M. le ministre délégué au commerce extérieur. La prise en compte du nombre de personnes vivant au foyer pour le calcul de la taxe d'enlèvement des ordures me semble malheureusement présenter plus d'inconvénients que d'avantages. En effet, elle conduirait soit à majorer la base imposable en fonction du nombre de personnes à charge et/ou d'occupants du logement, c'est-à-dire que les familles nombreuses logeant dans de grandes maisons paieraient très cher, soit à créer un abattement en faveur des personnes seules, soit à mettre en place les deux dispositifs. Cette personnalisation, outre qu'elle complexifierait le dispositif, se traduirait inévitablement par un transfert de charges au détriment des familles ayant des enfants et pourrait donc être perçue comme n'allant pas dans le sens d'une politique familiale.

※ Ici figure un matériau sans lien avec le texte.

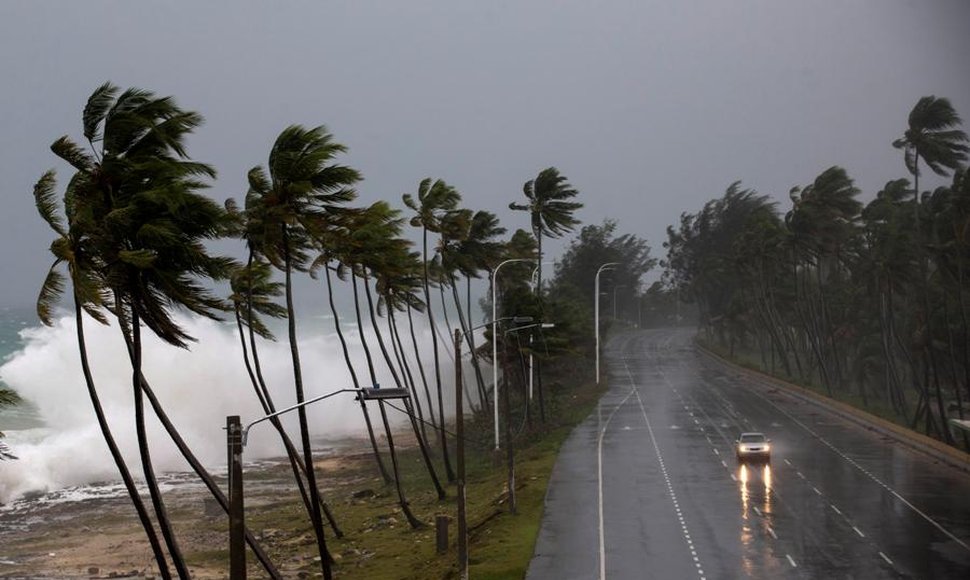 María azota islas Turcas y Caicos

Cela étant, le Gouvernement est conscient des difficultés soulevées par le poids que représente désormais la taxe d'enlèvement des ordures ménagères pour les contribuables. Un rapport sur le financement des déchets ménagers a été remis par le précédent gouvernement au Parlement. Il constitue, avec les recommandations du Conseil national des déchets, une base de réflexion.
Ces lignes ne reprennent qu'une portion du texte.